After all three games, the contestants then played the Time Capsule round: Four events and a popular song from a certain year were given. The contestant whose guess was closest to the answer won their Prize Bank, became champion, and moved on to the Bonus Round.

Time Machine flopped out of the gate so hard that it was revamped only five weeks into its run; the biggest change under the new format was that it was no longer a blatant clone of The Price is Right. The first three games were now played by two contestants for points, and the prize bank was scrapped in favor of just winning the prize automatically. Some of the existing games were salvaged and modified for the new competitive format (e.g., "As Time Goes By now used an educated guess format, and the clock was divided into segments denoting dollar amounts, with $1,000 on the 12 o'clock space), while a few new games (such as the Jukebox Game) were added. However, there were only two sequences of three games that were used per-episode.

The winner of the first half now faced the returning champion in the "Challenge Round", which was just a re-named Time Capsule round with a car as a bonus prize instead of a cash/prize jackpot. Even with these changes, Time Machine became ancient history on April 26, 1985, after only 16 weeks on the air.

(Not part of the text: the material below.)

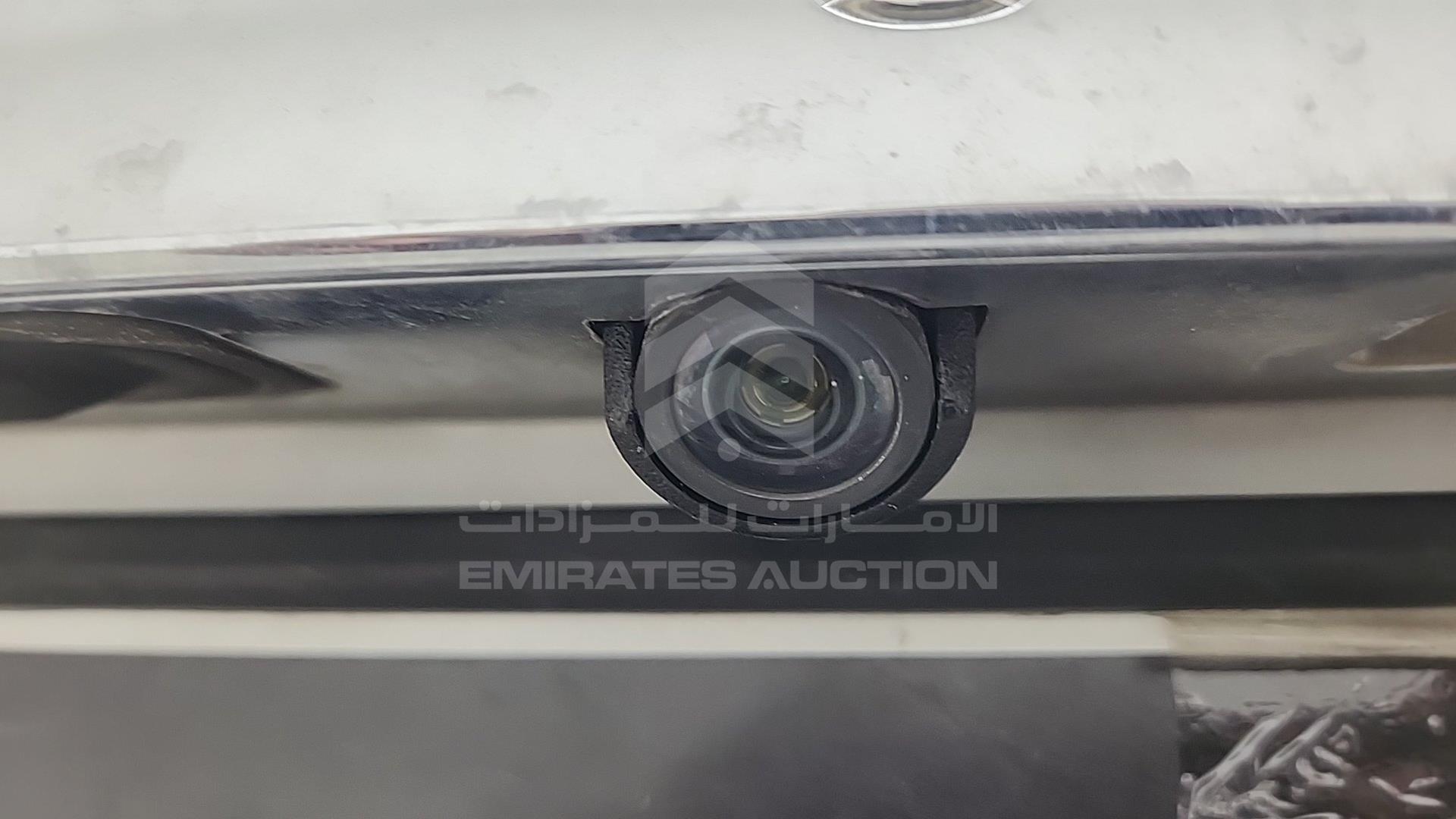 2011 JAGUAR XF VIN: SAJAA07DXBFR83989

This game show is not to be confused with the 2004 British documentary series, narrated by Jeremy Vine.


Game Show Tropes in use:

  • Bonus Round: The first was simply a "which of these four events occurred in this year?" question.
    • In the second format, Before or After was salvaged to become the new bonus game: the champion was given four events, and had to guess which occurred before or after a certain year to win a prize package and progressive cash jackpot. After the adoption of Format #2, the prize package was replaced by a car. In both cases, the number of questions required to win were reduced for each day they were champion, and they automatically won after their fifth consecutive day as champion.
  • Golden Snitch: How the main game worked during the second format. Winning the first two minigames were worth one point, the last was worth two.
  • Personnel:

This series provides examples of:

  • April Fools' Day: The show's one-and-only chance at this went normally until the bonus round, when a gag prize was revealed rather than the standard car...except the actual car could plainly be seen in the background.
  • Double Unlock:
    • The Main Event requires you to both "unlock" a clue by answering its corresponding question correctly, and then sacrifice $1,000 from the pot to actually use it.
    • The entire first format was like this. No matter how well you did in your minigame, you had to win the Time Capsule round to keep your prize.
  • Expy: Format #1 was clearly meant to be The Price Is Right WITH HISTORY;
    • Tube Game was essentially a clone of Bonus Game with television shows.
    • Sweet Sixteen was a clone of Cliff Hangers.
    • The Time Capsule round had shades of Contestant's Row and the Showcase.
  • Minigame Game
  • Pilot: Shot in 1984, with clips used in this promo. 3 In A Row was titled "Name Your Poison", and Main Event had a much brighter paint job.
  • Scenery Porn: The set was huge- the first format's intro had a darkened overhead shot of the circular center area (comprised of multiple rectangular panels that could slide up and down as needed; the panels had patterns with chase lights within them to resemble clocks) to show the contestants and it looked awesome.